What to work on
From the entries below, tally the lines with "White" in them and reply with that figure only.

Material for this task
--------------------------------

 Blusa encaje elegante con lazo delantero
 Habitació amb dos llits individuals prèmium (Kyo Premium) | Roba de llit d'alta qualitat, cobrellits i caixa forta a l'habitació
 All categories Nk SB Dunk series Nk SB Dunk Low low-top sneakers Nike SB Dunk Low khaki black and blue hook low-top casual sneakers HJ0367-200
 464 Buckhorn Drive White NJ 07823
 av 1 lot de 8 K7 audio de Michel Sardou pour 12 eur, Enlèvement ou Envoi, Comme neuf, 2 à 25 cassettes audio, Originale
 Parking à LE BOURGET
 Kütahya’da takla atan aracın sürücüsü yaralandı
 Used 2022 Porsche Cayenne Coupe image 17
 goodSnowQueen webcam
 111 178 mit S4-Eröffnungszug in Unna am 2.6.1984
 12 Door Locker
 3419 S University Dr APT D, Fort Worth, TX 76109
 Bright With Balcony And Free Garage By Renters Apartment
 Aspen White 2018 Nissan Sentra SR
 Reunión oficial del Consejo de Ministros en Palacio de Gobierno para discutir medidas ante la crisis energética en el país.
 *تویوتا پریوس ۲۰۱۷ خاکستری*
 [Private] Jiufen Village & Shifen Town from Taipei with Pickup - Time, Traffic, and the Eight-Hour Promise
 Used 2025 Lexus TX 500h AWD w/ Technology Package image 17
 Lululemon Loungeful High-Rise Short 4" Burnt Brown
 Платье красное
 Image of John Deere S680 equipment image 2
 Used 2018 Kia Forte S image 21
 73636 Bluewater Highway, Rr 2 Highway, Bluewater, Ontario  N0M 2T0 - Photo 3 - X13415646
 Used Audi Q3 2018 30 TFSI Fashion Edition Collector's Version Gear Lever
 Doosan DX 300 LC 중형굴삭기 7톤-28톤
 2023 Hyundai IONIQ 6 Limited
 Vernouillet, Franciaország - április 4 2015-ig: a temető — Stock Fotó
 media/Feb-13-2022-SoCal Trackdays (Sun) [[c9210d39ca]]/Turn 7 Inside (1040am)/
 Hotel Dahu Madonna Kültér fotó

--------------------------------

Output below
2